I had a chance to revisit All About Eve a couple weeks ago as part of the Third Floor Film Series, a local classic film series I started in early 2015 and curated and lead until earlier this year when I handed it off to a friend. The film was even better than I remembered, witty as hell and brutally frank. Of all the film’s bounties—the early Marilyn Monroe role, Bette Davis in all her wonder, George Sanders chewing scenery, Thelma Ritter and Celeste Holm in great supporting roles—Anne Baxter’s performance is the movie’s greatest offering. I’ve long loved Baxter, and this is an all-time great acting performance.
1950 was a fortuitous year for films exploring the nature of fame and aging stars. Sunset Boulevard also released that year, and told the story of a former silent film goddess played by Gloria Swanson who has largely been forgotten but has never lost her belief in her own star power. It gave us the legendary line, “I am big. It’s the pictures that got small.”
Why did perhaps the two greatest Hollywood films about actresses holding onto their fame in an industry that prizes youth and beauty—maybe it’s too greatest films about fame period—come out so close to each other? Because Hollywood was dealing with its first wave of sound stars facing this very problem. The sea change that came with the arrival of sound lead to the end of many a storied silent career, so not as many of its stars had natural career twilights. The decade following World War II was the first to see an entire generation of former young stars aging out of classic romantic leading roles. Or its female stars, at least, as female youth and beauty were and still are unfairly fetishized while male actors remain sex symbols into old age. Davis’s character points this out in All About Eve with the immortal lines, “Bill’s thirty-two. He looked it five years ago, he’ll look it twenty years from now. I hate men.”
Bette Davis was as big as big could be for two decades. What was she—and Hollywood—to do as she aged into more mature roles? Well, let her age into more mature roles, obviously, but that didn’t mean there wasn’t angst about it, and it is perfectly and somewhat uncomfortably channeled into All About Eve, a tremendously brave role for Bette Davis to take on, hitting the issue so on the nose as it did. A modern corollary might be 2010’s Black Swan, in which a 40ish prima ballerina played by Winona Ryder sees a young ingenue played by Natalie Portman steal her place. Ryder’s character doesn’t take this well. Things get kind of ugly. This dynamic is, of course, painfully close to reality. Ryder was the It Girl of 90s independent films, couldn’t sustain that success into the aughts, had some ugly public scenes, and saw stars like Portman gobble up the roles she would have gotten a few years earlier.

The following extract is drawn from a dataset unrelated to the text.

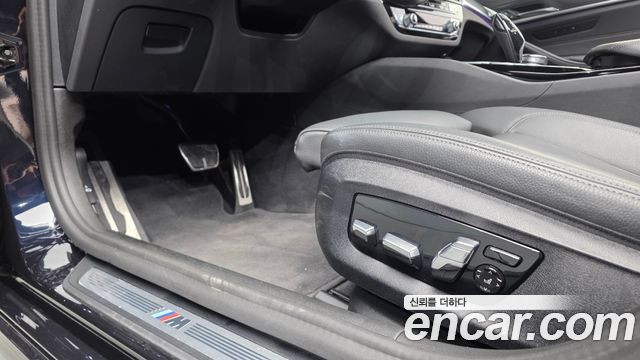 BMW 5-Series 2022 — photo 28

Davis was able to transition into a new era of mature roles for her, and flourished for decades more, alongside young actresses like Baxter and Monroe who saw their own stars ascend. Perhaps it was the confidence of an artist in control of her instrument, an instrument that would always be in demand if skillfully wielded, that allowed Davis to take a role like this. Whatever it was, All About Eve is one of the great gifts of classic cinema.